Task brief | Exactly the lines from the one with "Buy African Transkei" through the final line of the entries, and nothing else, should appear in the answer; no pictures go in it.

(Pictures with short captions)
-*-
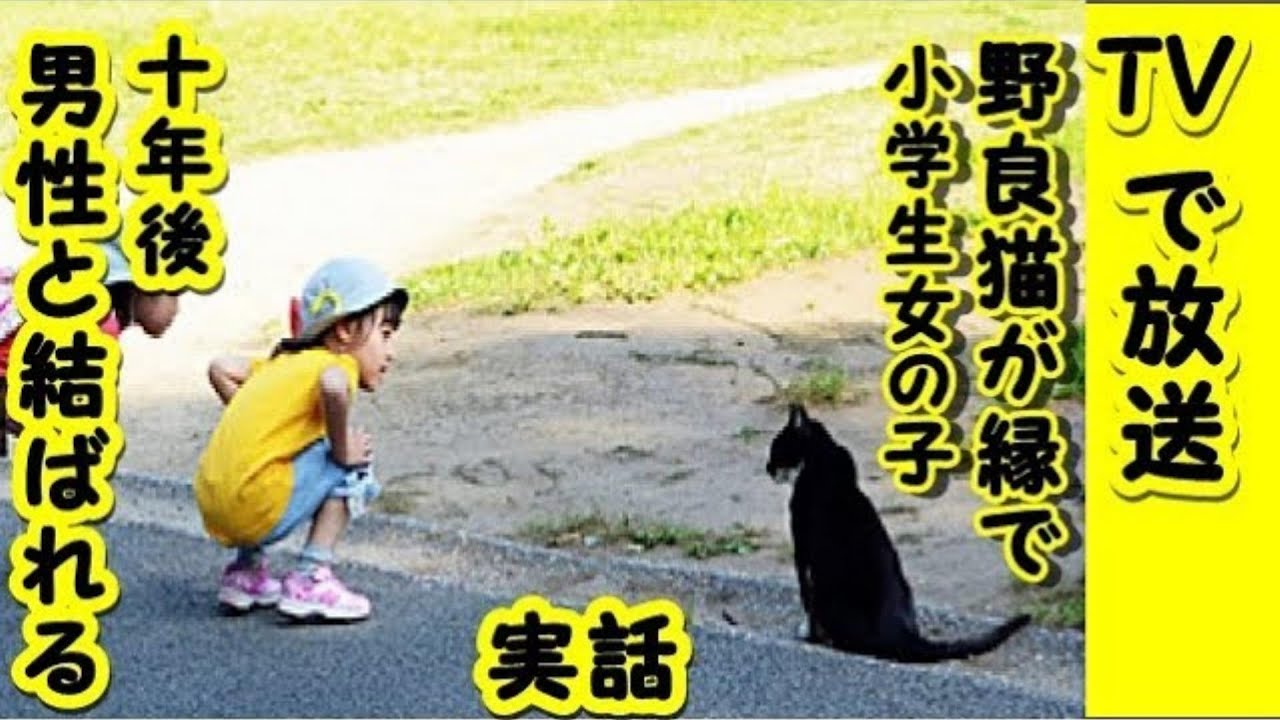 👀感動 泣ける話・ TV放送された実話です　野良猫の縁・小学生だった私は１０数年後偶然男性と再開し結婚したのですよ！招き猫ちゃんねる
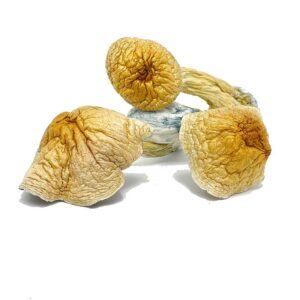 Buy African Transkei Mushroom African Transkei Mushroom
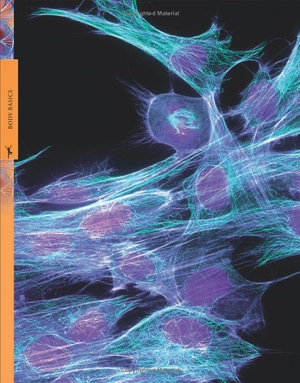 human body a children's encyclopedia - Ảnh 16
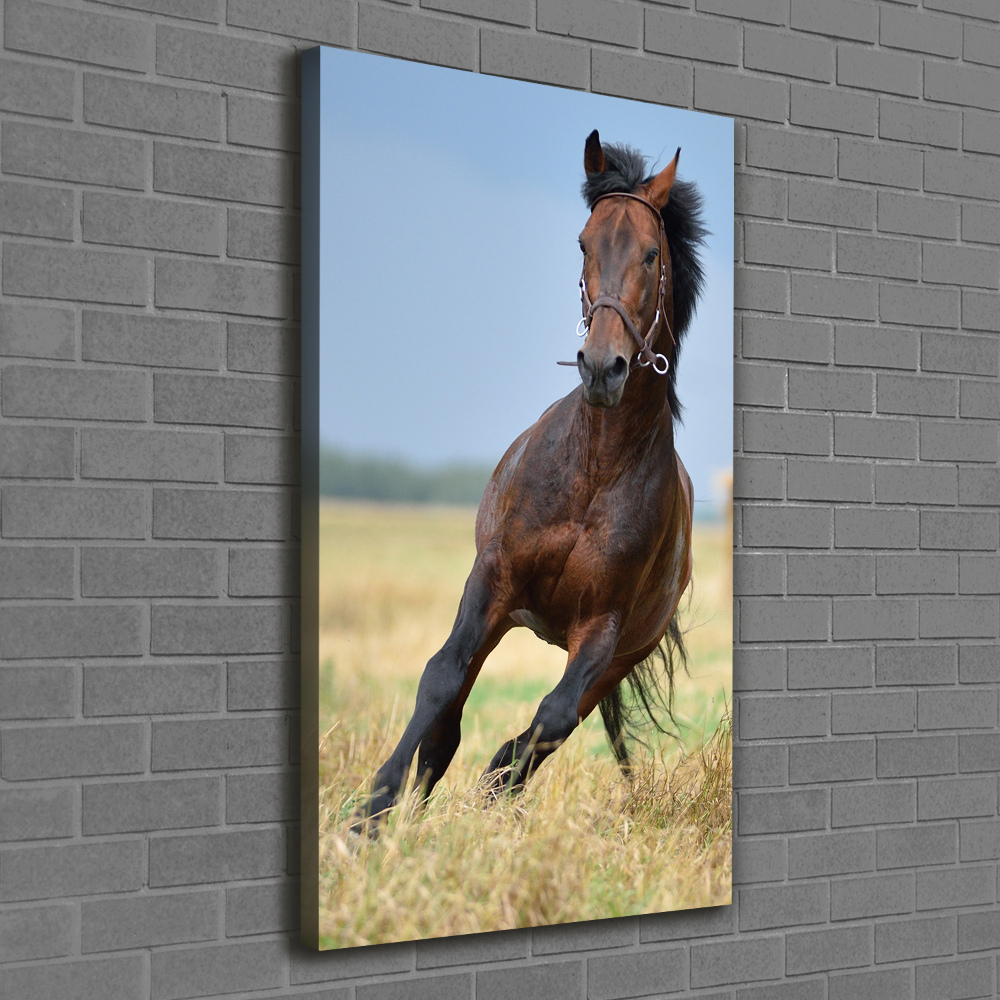 Vertikálny foto obraz na plátne do obývačky Kôň na poli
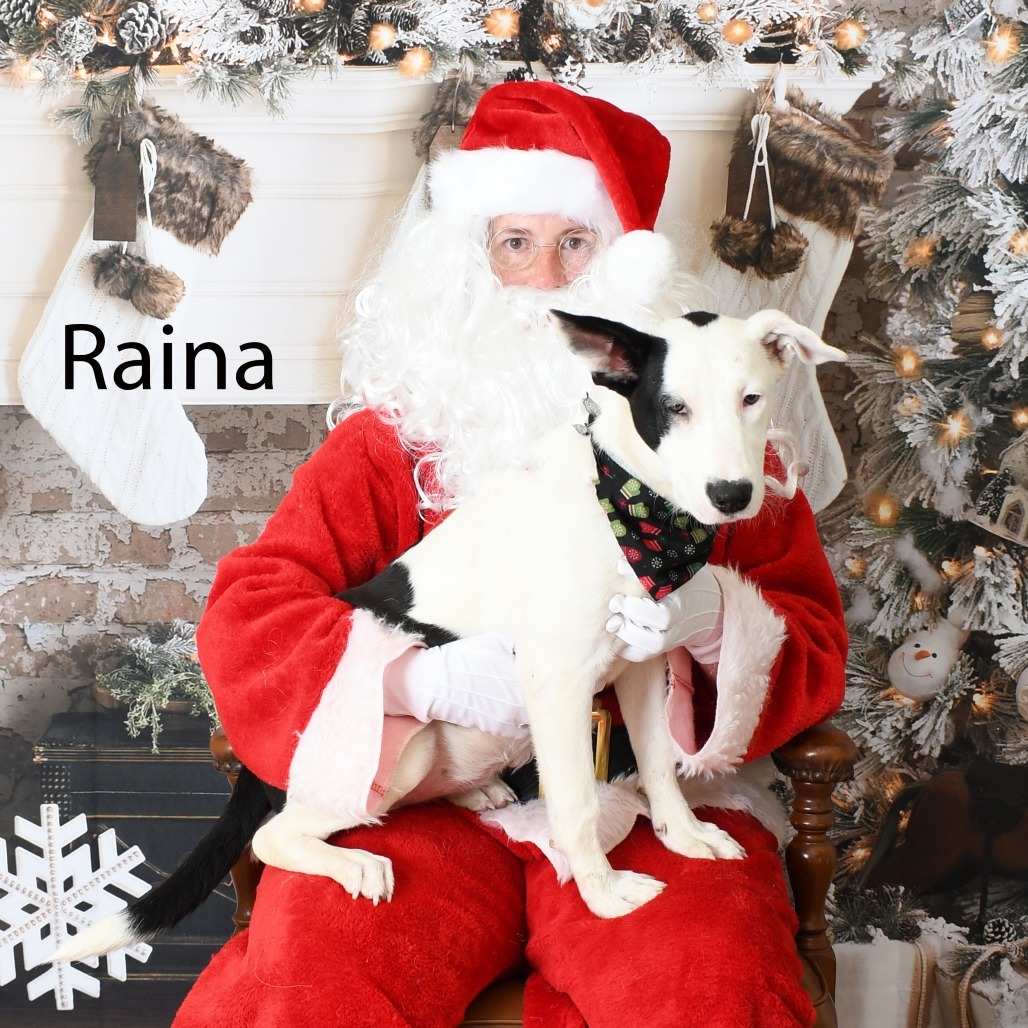 Raina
-*-
Output of the exercise |
 Buy African Transkei Mushroom African Transkei Mushroom
 human body a children's encyclopedia - Ảnh 16
 Vertikálny foto obraz na plátne do obývačky Kôň na poli
 Raina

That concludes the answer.